= What this task involves =
Ignoring every picture, return the lines of the listing below word for word, from the line that holds "Assorted vintage dolls house" through the line that holds "姜文妻子周韵气质真好 人美有韵味如其名 文艺又贵气".

= Input data =
== Segment start ==

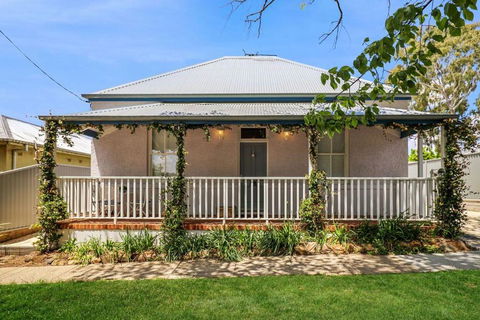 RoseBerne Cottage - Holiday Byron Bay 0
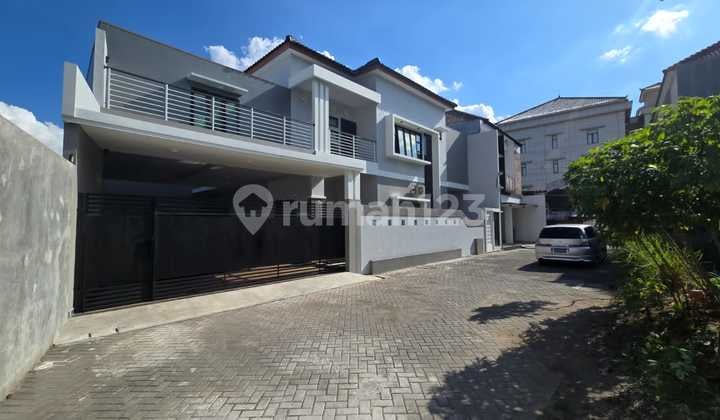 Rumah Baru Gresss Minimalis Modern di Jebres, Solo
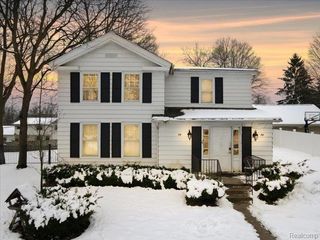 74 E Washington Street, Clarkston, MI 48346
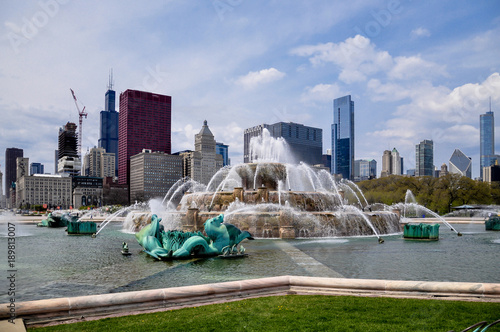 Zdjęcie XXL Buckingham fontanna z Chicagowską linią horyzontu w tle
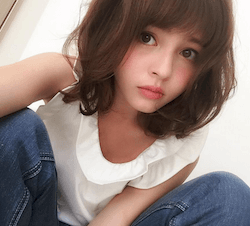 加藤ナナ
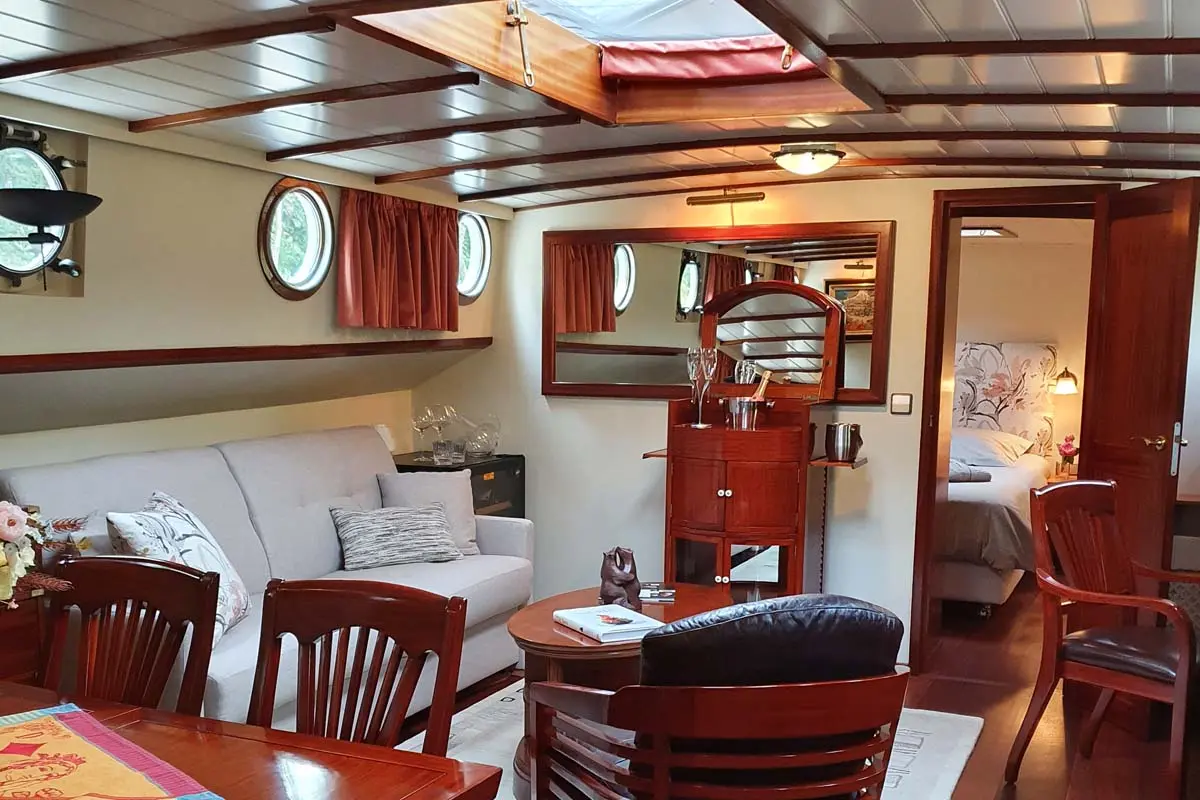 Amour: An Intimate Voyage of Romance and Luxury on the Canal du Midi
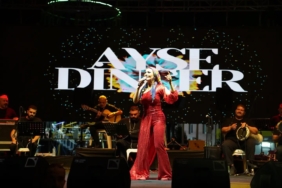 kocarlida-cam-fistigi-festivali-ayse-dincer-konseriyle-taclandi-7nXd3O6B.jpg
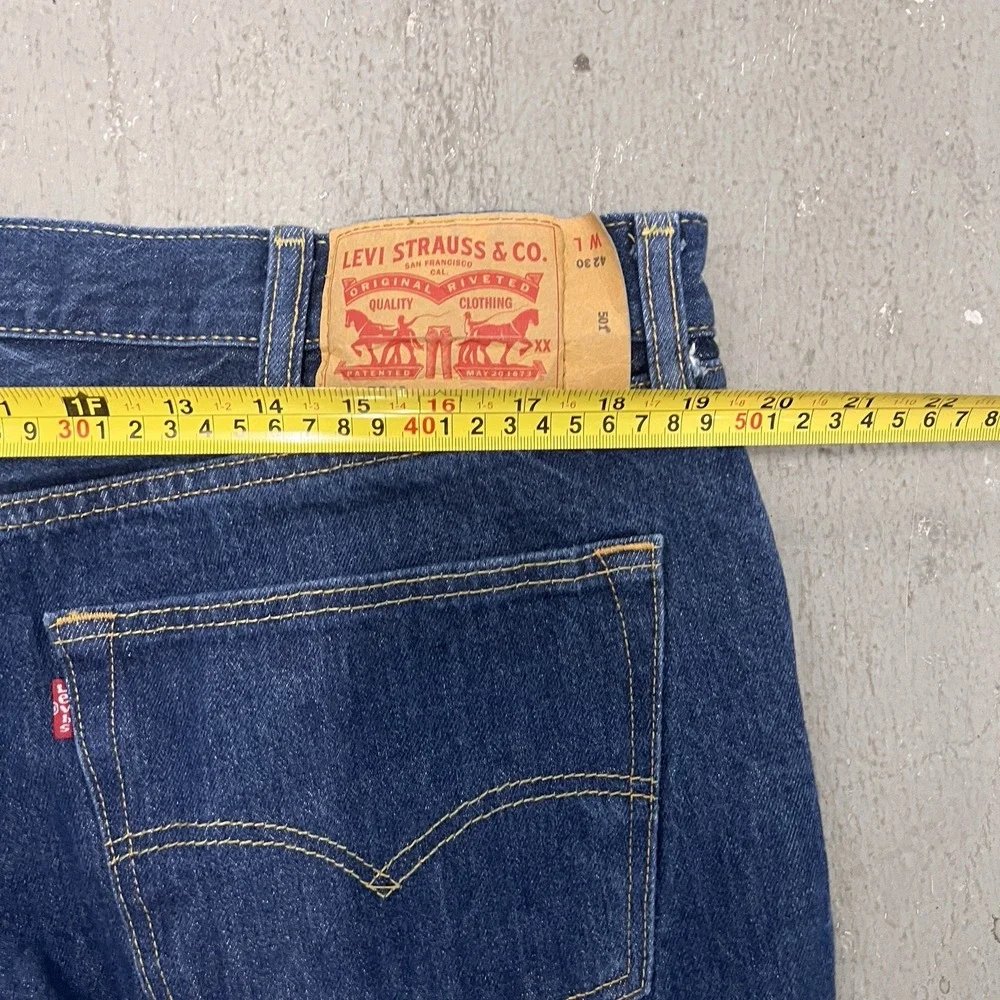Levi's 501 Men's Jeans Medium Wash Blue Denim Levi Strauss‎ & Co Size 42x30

== Segment end ==
== Segment start ==

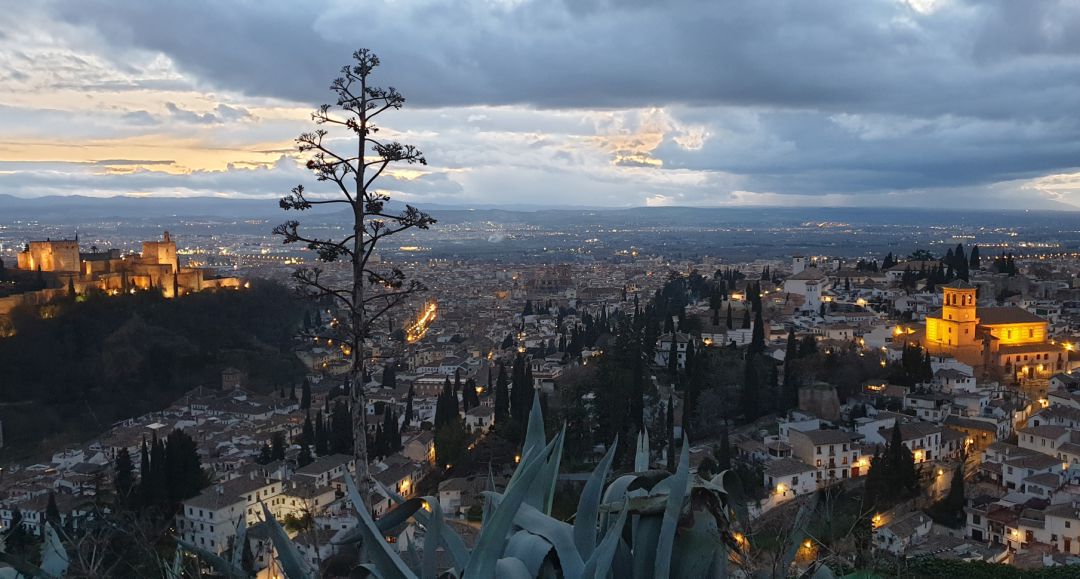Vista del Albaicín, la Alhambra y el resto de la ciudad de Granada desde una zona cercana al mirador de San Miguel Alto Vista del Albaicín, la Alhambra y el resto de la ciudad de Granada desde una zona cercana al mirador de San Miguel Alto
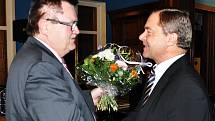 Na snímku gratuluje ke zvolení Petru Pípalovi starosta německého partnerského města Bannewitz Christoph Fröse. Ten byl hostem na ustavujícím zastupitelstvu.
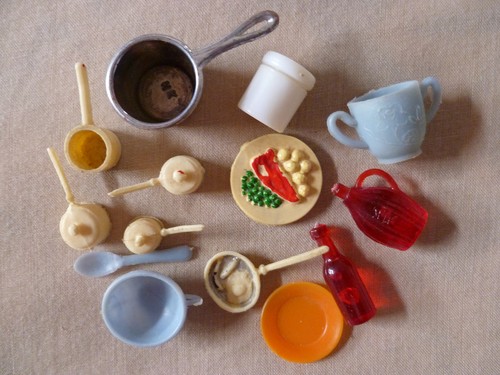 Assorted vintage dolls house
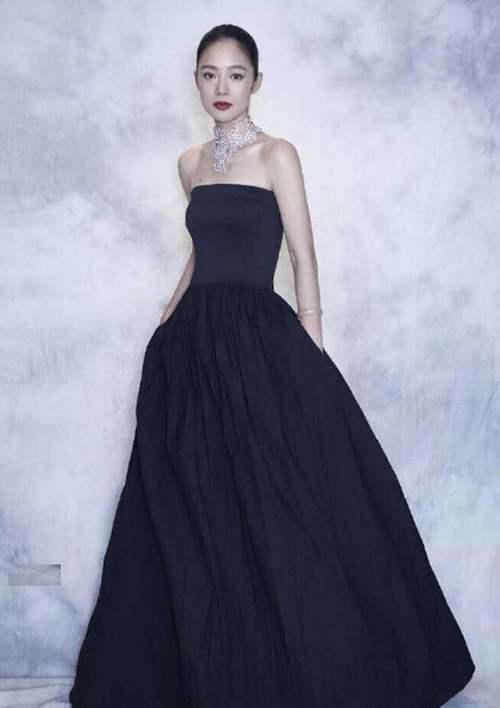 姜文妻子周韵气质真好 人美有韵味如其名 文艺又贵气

== Segment end ==

= Your solution =
 Assorted vintage dolls house
 姜文妻子周韵气质真好 人美有韵味如其名 文艺又贵气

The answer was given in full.